4. Never fall in love with a security, particularly when the company was once your employer. It's alarming how often accounting and other professionals refuse to fix the resultant single-issue portfolios. Aside from the love issue, this becomes an unwilling-to-pay-the-taxes problem that often brings the unrealized gain to the Schedule D as a realized loss. No profit, in either class of securities, should ever go unrealized. A target profit must be established as part of your plan.



5. Prevent "analysis paralysis" from short-circuiting your decision-making powers. An overdose of information will cause confusion, hindsight, and an inability to distinguish between research and sales materials--- quite often the same document. A somewhat narrow focus on information that supports a logical and well-documented investment strategy will be more productive in the long run. Avoid future predictors.
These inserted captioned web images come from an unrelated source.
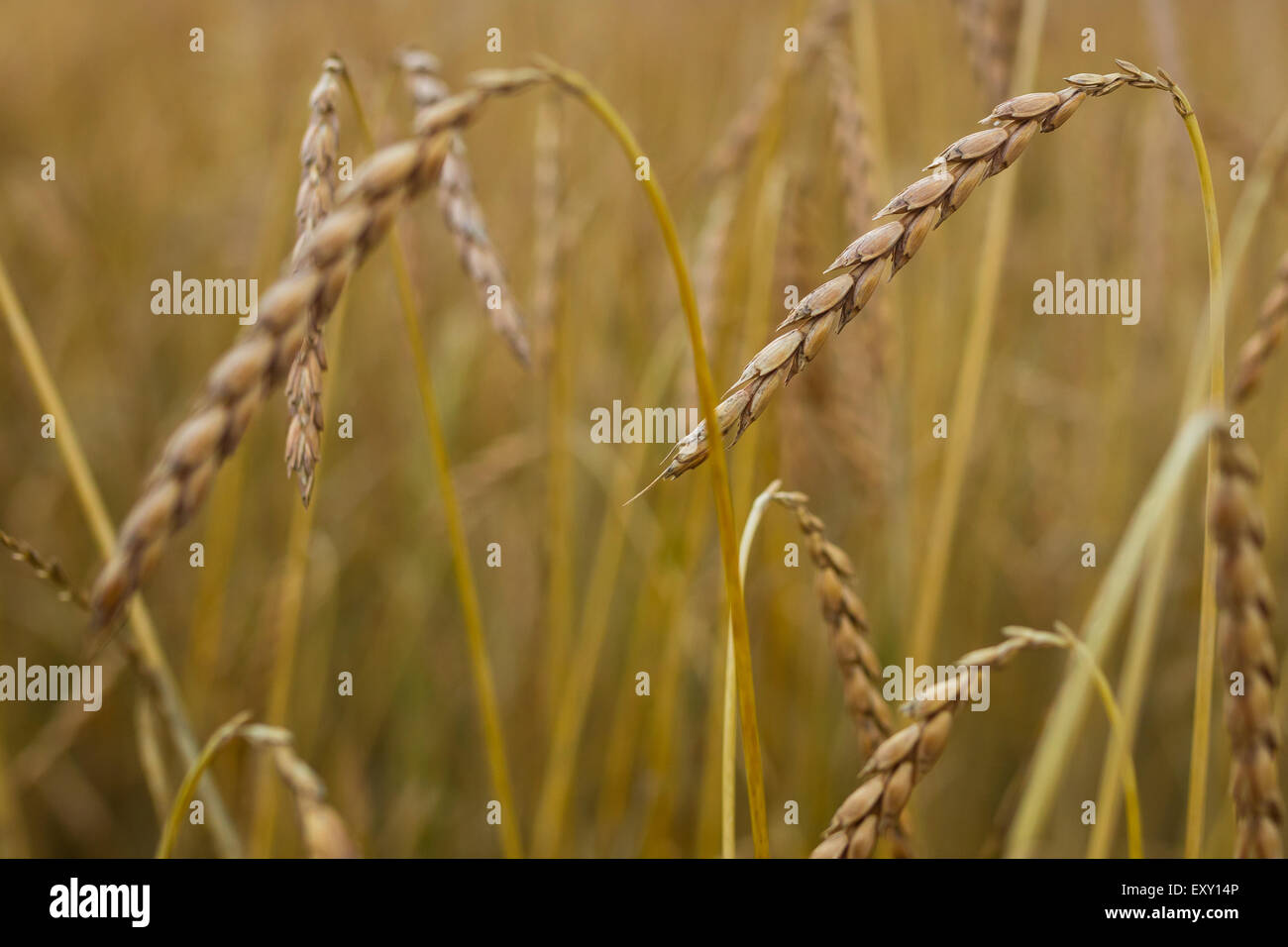 Spelt (Triticum spelta), also known as dinkel wheat or hulled wheat is a species of wheat cultivated since 5000 BCE Stock Photo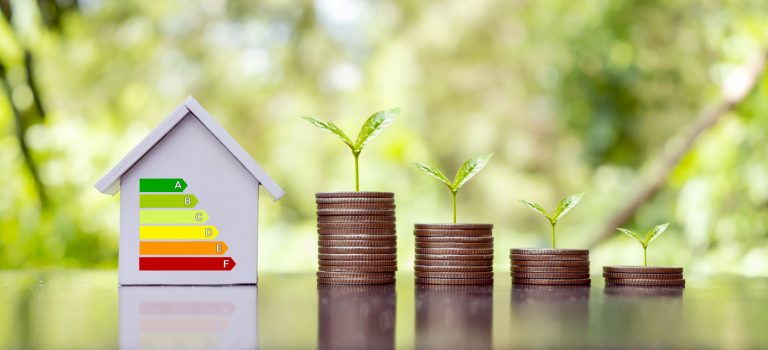 case verzi-Casa Mea NaturA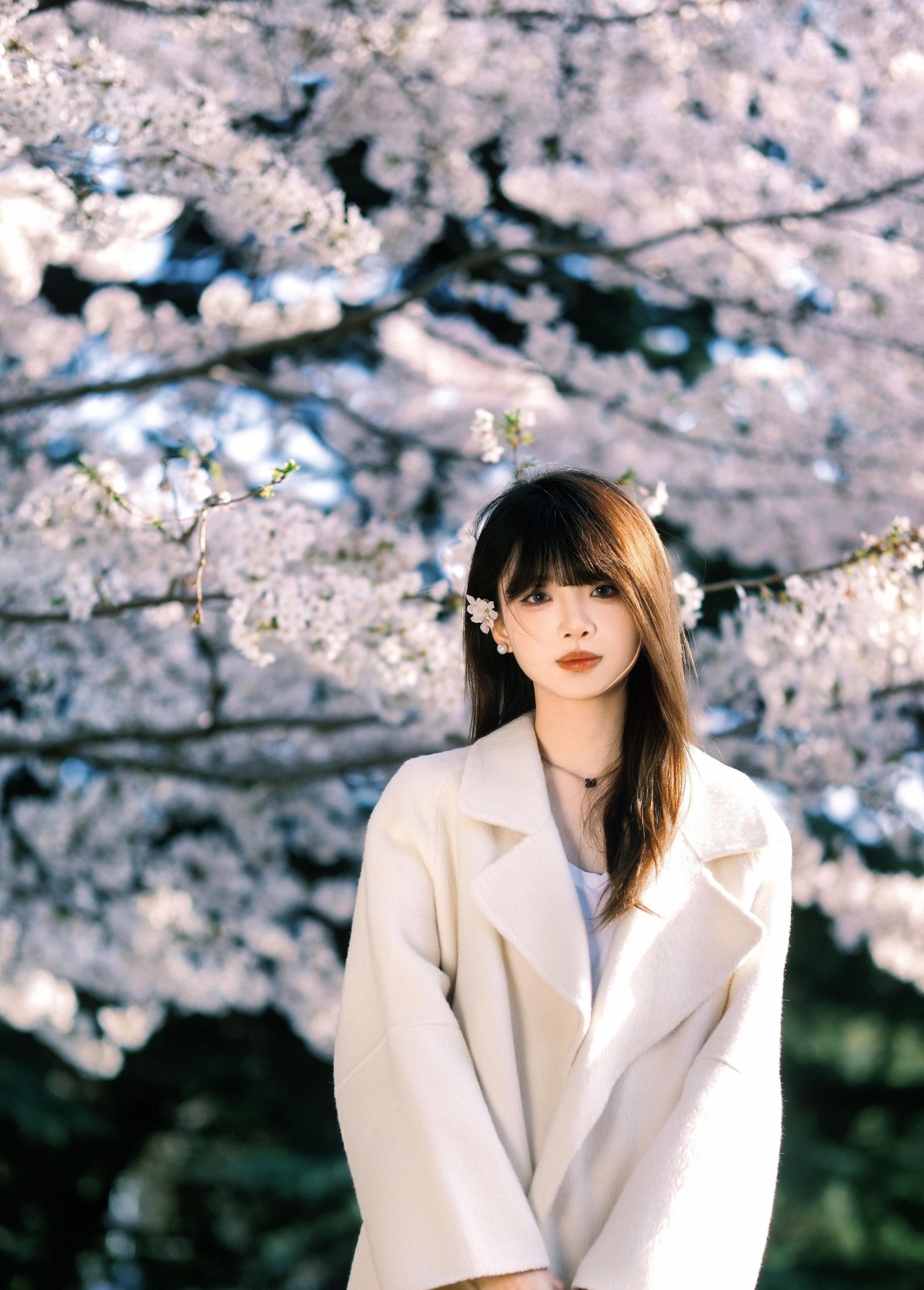 瑶瑶 – 《春樱》[18P] 插图2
6. Burn, delete, toss out the window any short cuts or gimmicks that are supposed to provide instant stock picking success with minimum effort. Don't allow your portfolio to become a hodgepodge of mutual funds, index ETFs, partnerships, pennies, hedges, shorts, strips, metals, grains, options, currencies, etc. Consumers' obsession with products underlines how Wall Street has made it impossible for financial professionals to survive without them. Remember: consumers buy products; investors select securities.



7. Attend a workshop on interest rate expectation (IRE) sensitive securities and learn how to deal appropriately with changes in their market value--- in either direction. The income portion of your portfolio must be looked at separately from the growth portion. Bottom line market value changes must be expected and understood, not reacted to with either fear or greed. Fixed income does not mean fixed price. Few investors ever realize (in either sense) the full power of this portion of their portfolio.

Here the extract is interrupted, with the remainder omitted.